__Goal of the exercise__: Would you retype the listing below word for word, without any of its pictures?

__The data__:
*** Block opens ***

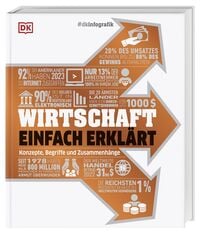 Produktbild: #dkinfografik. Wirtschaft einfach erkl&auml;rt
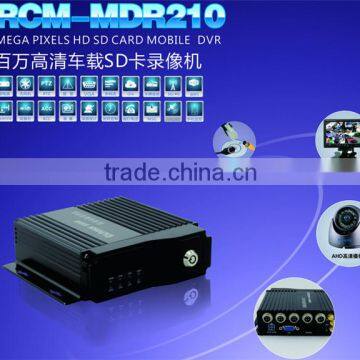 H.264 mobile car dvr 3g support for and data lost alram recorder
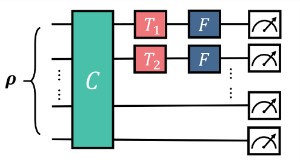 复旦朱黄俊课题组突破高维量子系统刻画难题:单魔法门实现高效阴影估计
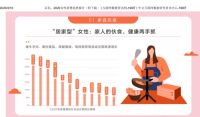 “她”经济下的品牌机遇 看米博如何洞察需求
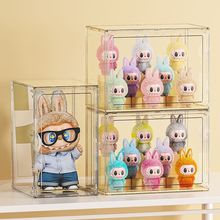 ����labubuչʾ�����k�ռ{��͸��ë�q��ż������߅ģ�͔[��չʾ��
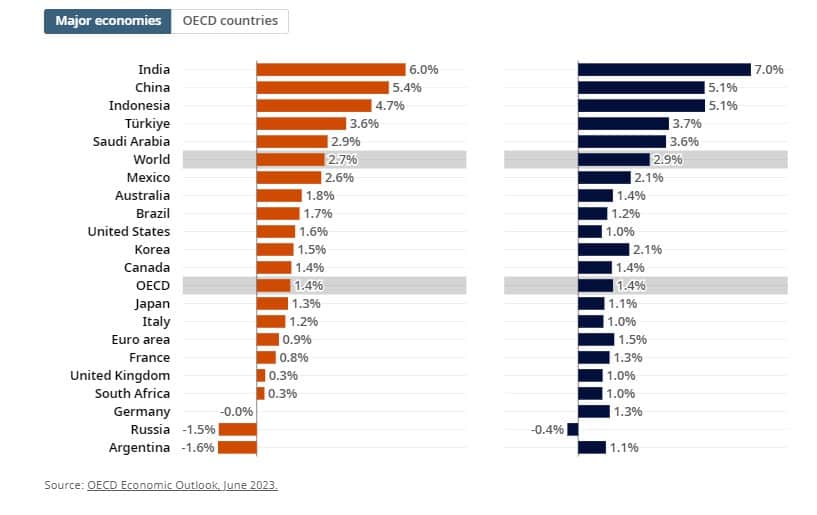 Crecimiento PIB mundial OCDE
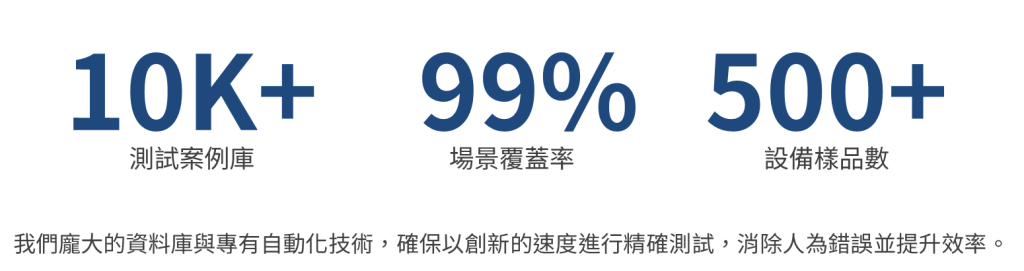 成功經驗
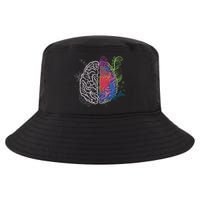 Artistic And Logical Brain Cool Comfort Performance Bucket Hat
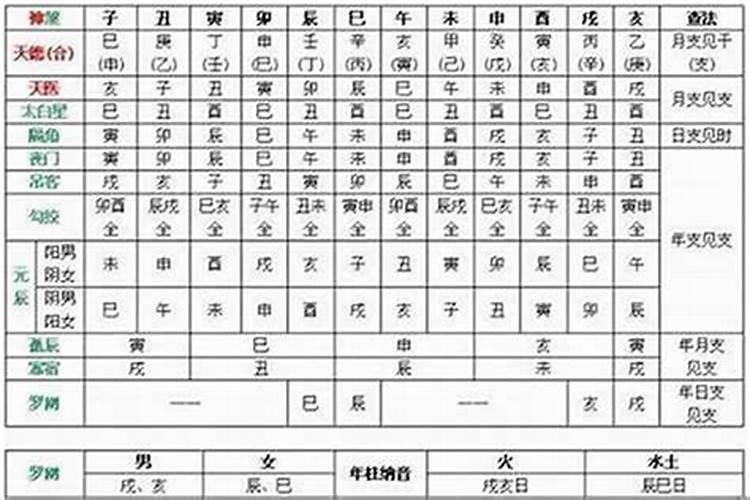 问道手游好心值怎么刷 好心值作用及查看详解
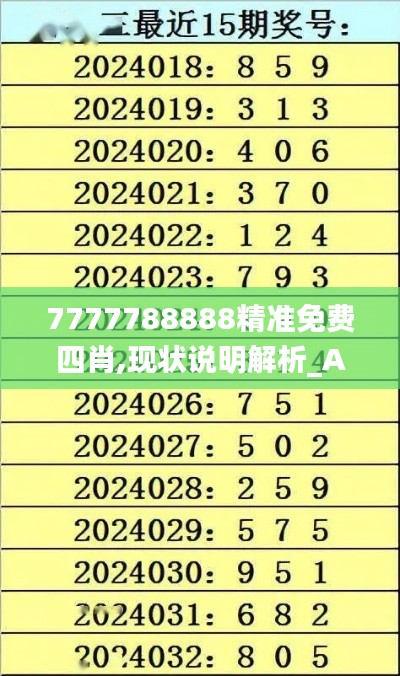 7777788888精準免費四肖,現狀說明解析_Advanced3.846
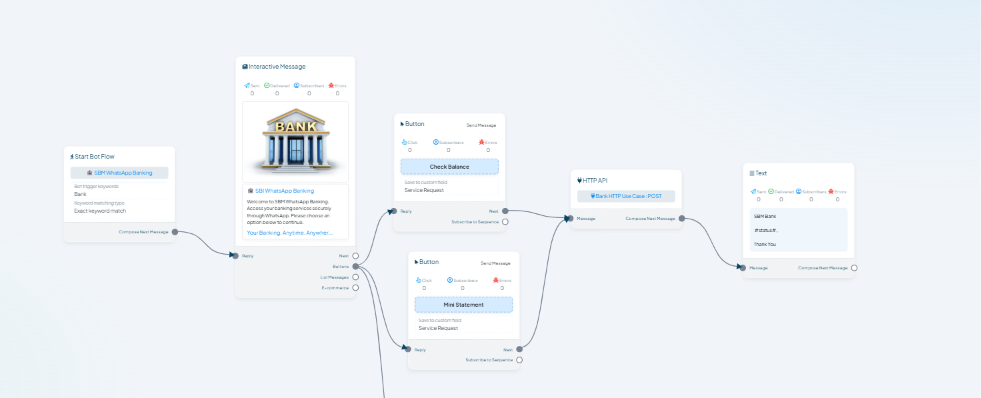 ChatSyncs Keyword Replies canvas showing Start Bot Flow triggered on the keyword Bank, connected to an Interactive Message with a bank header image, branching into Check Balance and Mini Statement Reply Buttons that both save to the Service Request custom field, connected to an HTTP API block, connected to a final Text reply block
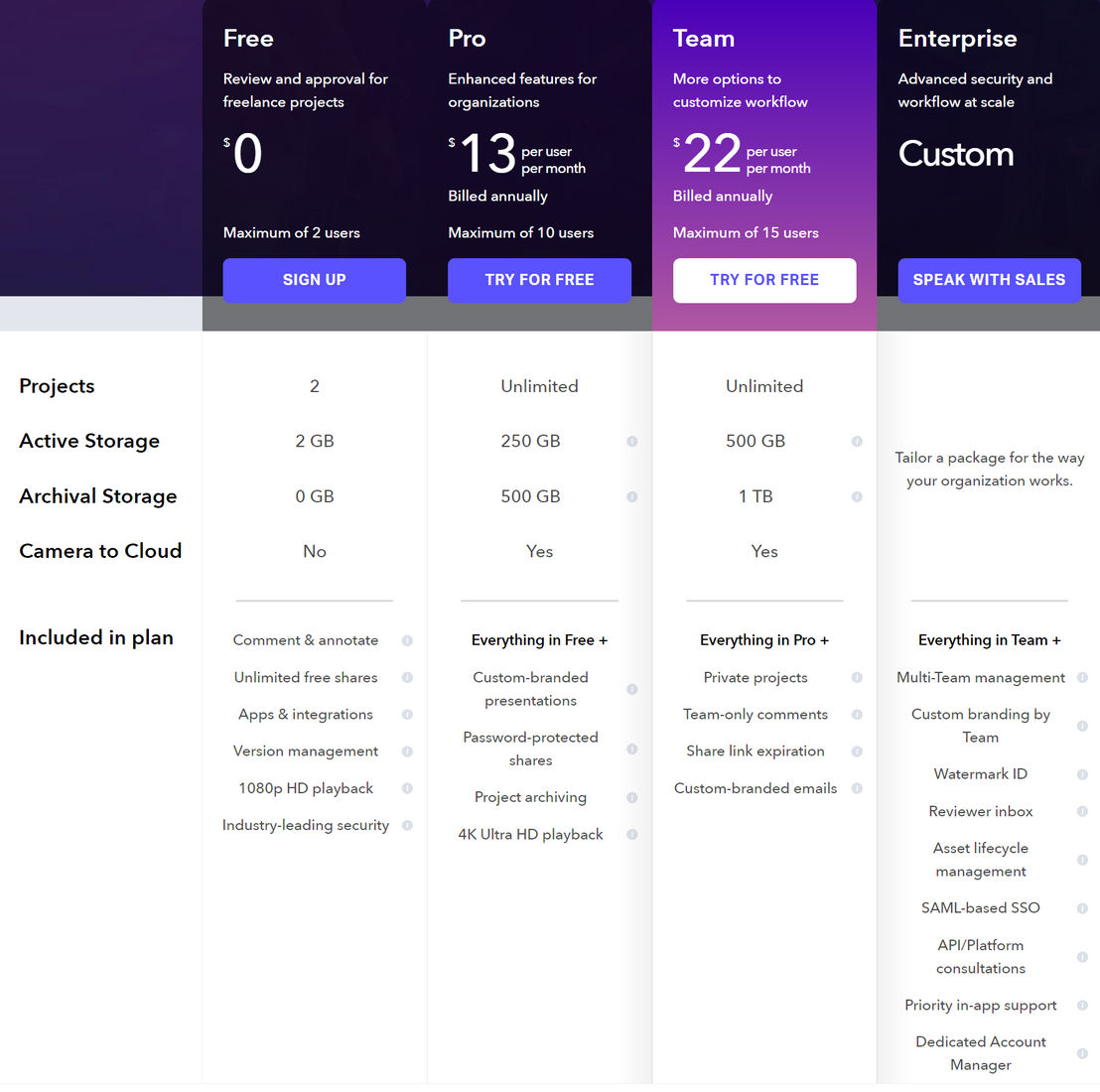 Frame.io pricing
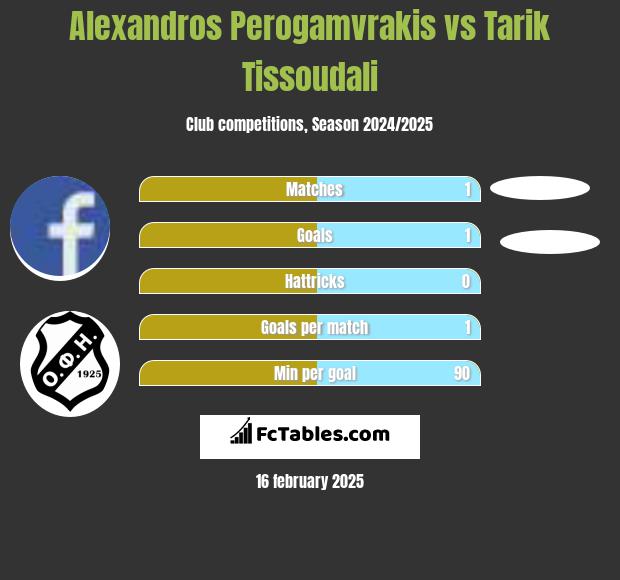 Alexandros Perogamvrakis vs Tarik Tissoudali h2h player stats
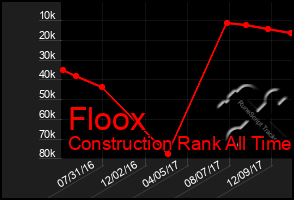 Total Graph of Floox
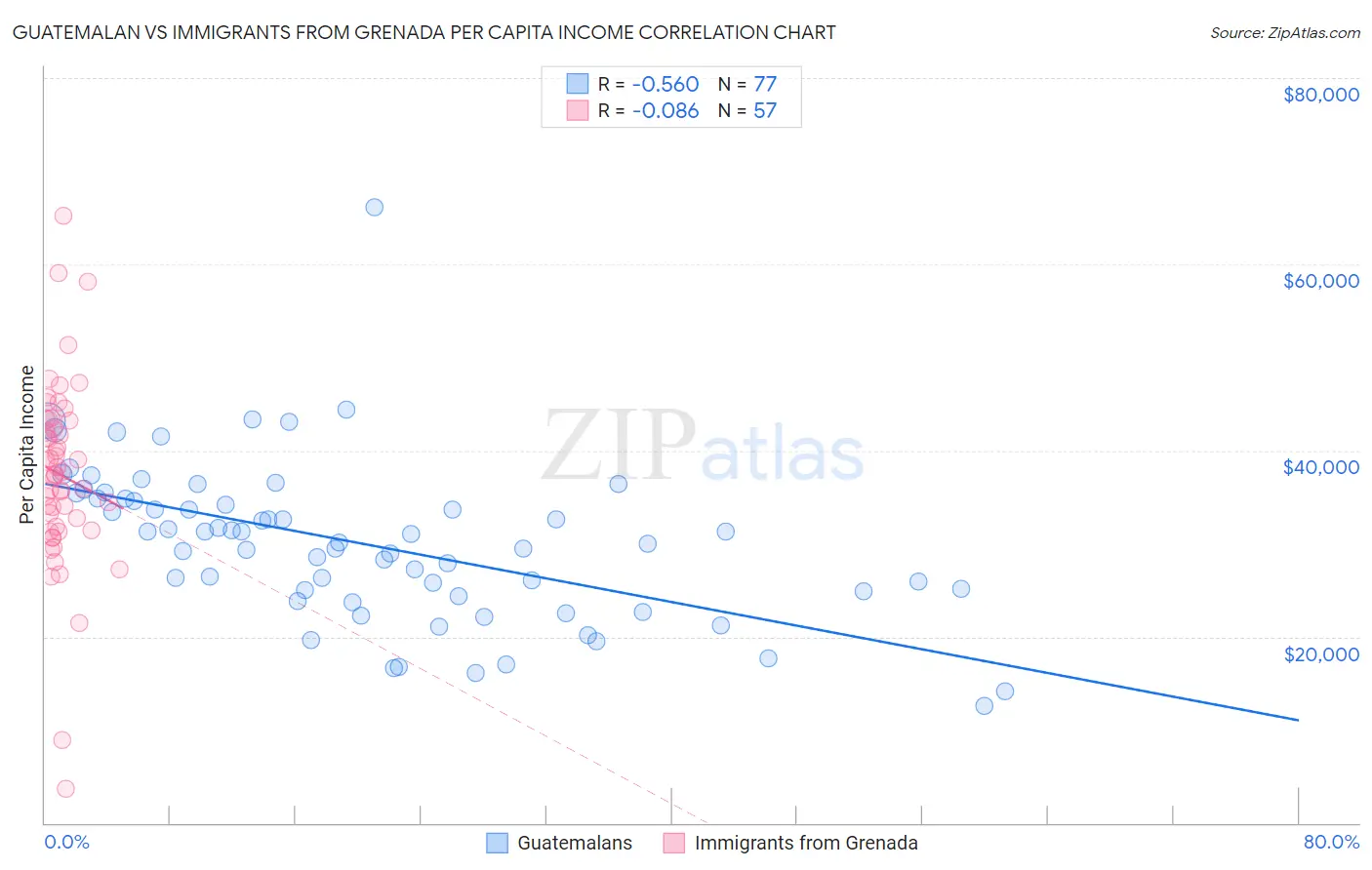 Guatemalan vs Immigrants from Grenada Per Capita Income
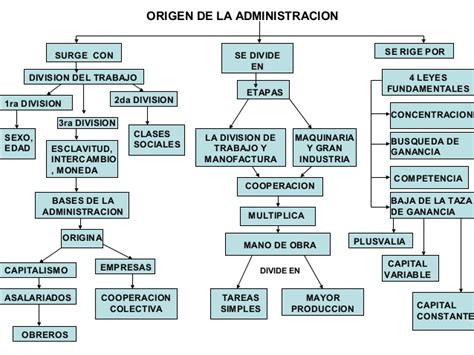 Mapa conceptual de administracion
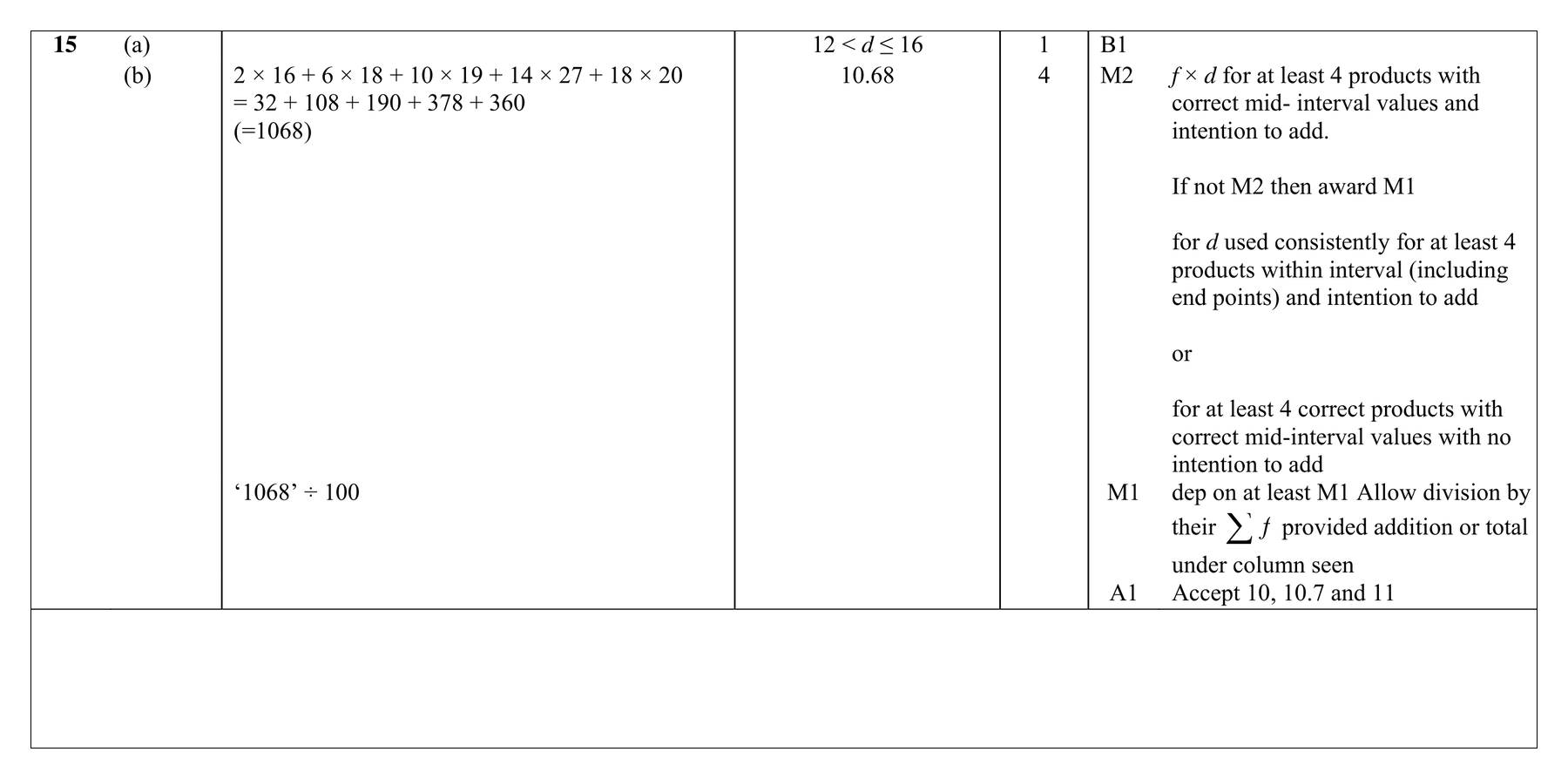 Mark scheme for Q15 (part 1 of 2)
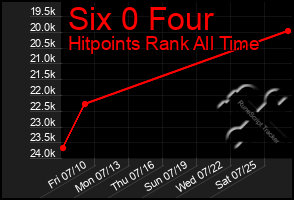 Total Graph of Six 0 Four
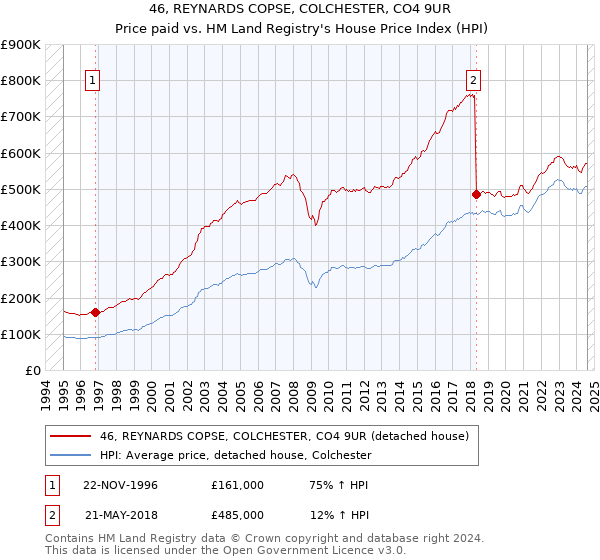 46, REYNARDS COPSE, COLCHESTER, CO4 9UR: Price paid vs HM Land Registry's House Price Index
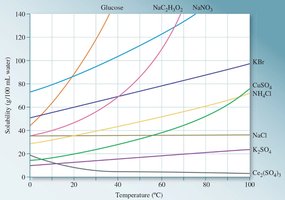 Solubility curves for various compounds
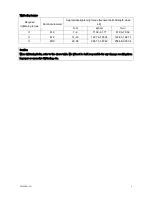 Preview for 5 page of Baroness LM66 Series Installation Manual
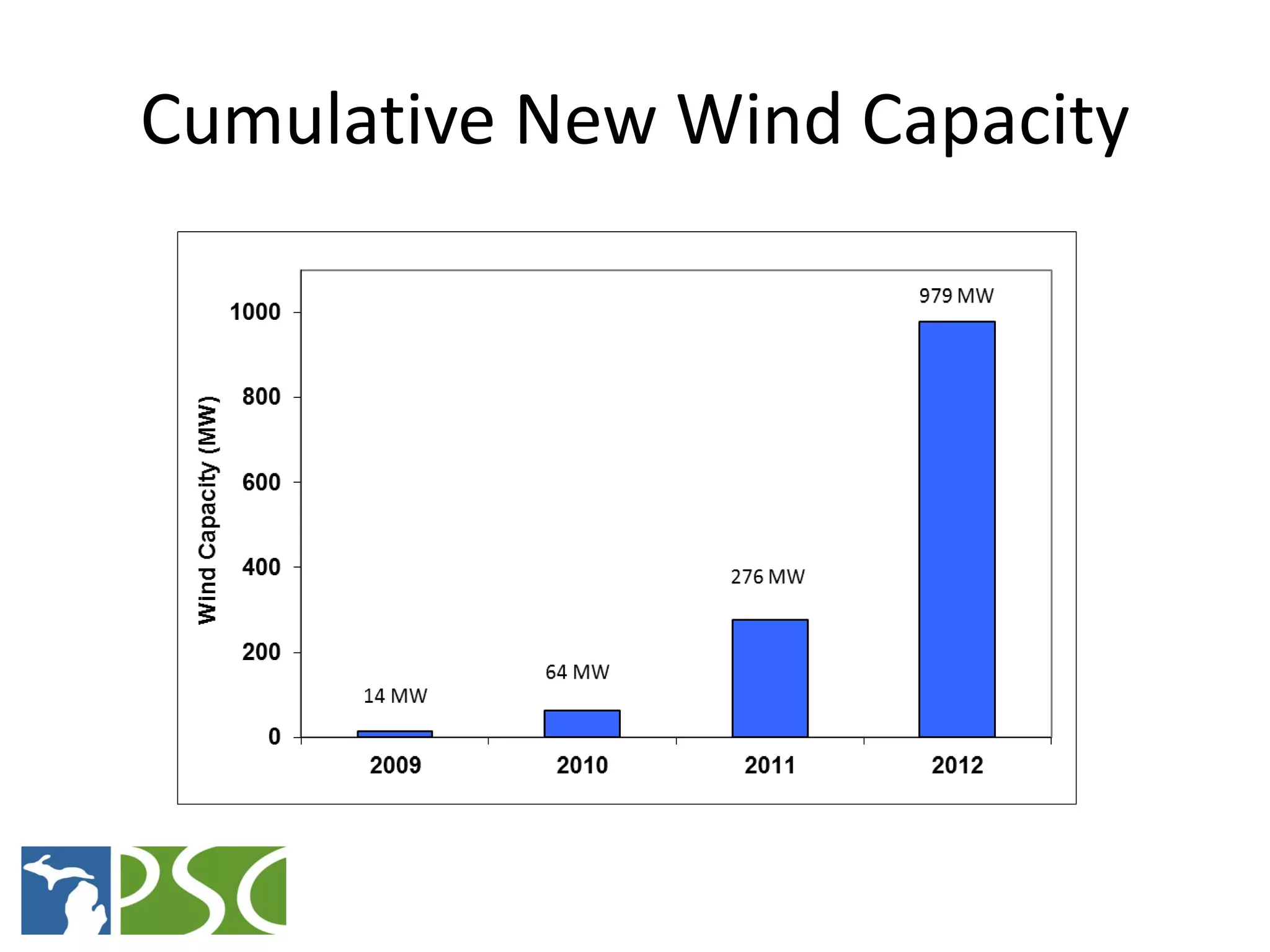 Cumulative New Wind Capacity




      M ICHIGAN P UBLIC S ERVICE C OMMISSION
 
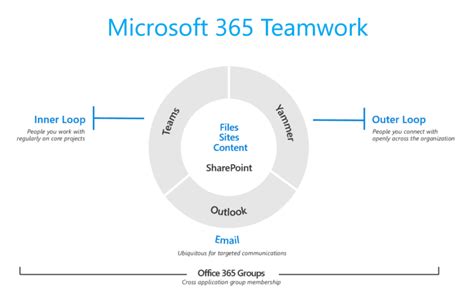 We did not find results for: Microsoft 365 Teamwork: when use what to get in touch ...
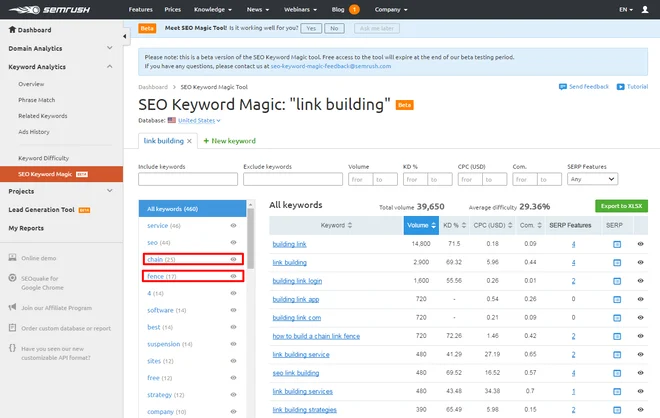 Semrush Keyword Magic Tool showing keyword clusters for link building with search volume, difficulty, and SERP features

*** Block closes ***

__Finished exercise__:
 Produktbild: #dkinfografik. Wirtschaft einfach erkl&auml;rt
 H.264 mobile car dvr 3g support for and data lost alram recorder
 复旦朱黄俊课题组突破高维量子系统刻画难题:单魔法门实现高效阴影估计
 “她”经济下的品牌机遇 看米博如何洞察需求
 ����labubuչʾ�����k�ռ{��͸��ë�q��ż������߅ģ�͔[��չʾ��
 Crecimiento PIB mundial OCDE
 成功經驗
 Artistic And Logical Brain Cool Comfort Performance Bucket Hat
 问道手游好心值怎么刷 好心值作用及查看详解
 7777788888精準免費四肖,現狀說明解析_Advanced3.846
 ChatSyncs Keyword Replies canvas showing Start Bot Flow triggered on the keyword Bank, connected to an Interactive Message with a bank header image, branching into Check Balance and Mini Statement Reply Buttons that both save to the Service Request custom field, connected to an HTTP API block, connected to a final Text reply block
 Frame.io pricing
 Alexandros Perogamvrakis vs Tarik Tissoudali h2h player stats
 Total Graph of Floox
 Guatemalan vs Immigrants from Grenada Per Capita Income
 Mapa conceptual de administracion
 Mark scheme for Q15 (part 1 of 2)
 Total Graph of Six 0 Four
 46, REYNARDS COPSE, COLCHESTER, CO4 9UR: Price paid vs HM Land Registry's House Price Index
 Solubility curves for various compounds
 Preview for 5 page of Baroness LM66 Series Installation Manual
 Cumulative New Wind Capacity




      M ICHIGAN P UBLIC S ERVICE C OMMISSION
 
 We did not find results for: Microsoft 365 Teamwork: when use what to get in touch ...
 Semrush Keyword Magic Tool showing keyword clusters for link building with search volume, difficulty, and SERP features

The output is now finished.